FILE - Women walk past houses, built for the residents being displaced by land sales, at Botum Sakor National Park in Koh Kong province, Feb. 20, 2012.
FILE - Women walk past houses, built for the residents being displaced by land sales, at Botum Sakor National Park in Koh Kong province, Feb. 20, 2012.

The families were forcefully removed from their homes in Chitres village, Botum Sakor National Park.

Rights workers are seeking to help 40 families who were evicted from their homes in Koh Kong province last week by military police and wildlife rangers.

The families were forcefully removed from their homes in Chitres village, Botum Sakor National Park.

In Kongchet, a local rights monitor for local NGO Adhoc, said he had met with the provincial governor, Orn Phearak, to seek a solution for the Chitres villagers.

“We think that this act seemed to not help the poor people at all, while they have grown crops in the land,” he said.

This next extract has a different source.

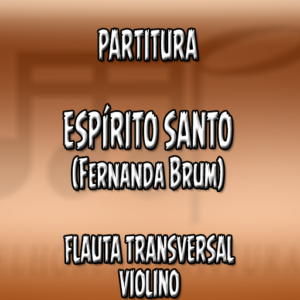 Espírito Santo (Fernanda Brum) – Flauta-Violino (C)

The authorities and rangers, allegedly supported by the Wildlife Alliance, accused the villagers of poaching and illegal logging, he added.

Phearak, the governor, told Kongchet the villagers would likely be allotted some 600 hectares of land.

The villagers are involved in a land dispute with a company called Sinomexim Investment.

Kongchet said it was unlikely the government would follow through on its promises.

Another company, the Chinese conglomerate Union Development Group, is constructing a large luxury resort in the park at the cost of some $3.8 billion.

Phearak declined to comment on the families’ eviction, requesting a face-to-face meeting.

The director of Botum Sakor National Park, Ung Vanny, and declined to comment.

Nob Neth, a Wildlife Alliance representative, said the villagers had repeatedly strayed outside the boundaries of their allotted land.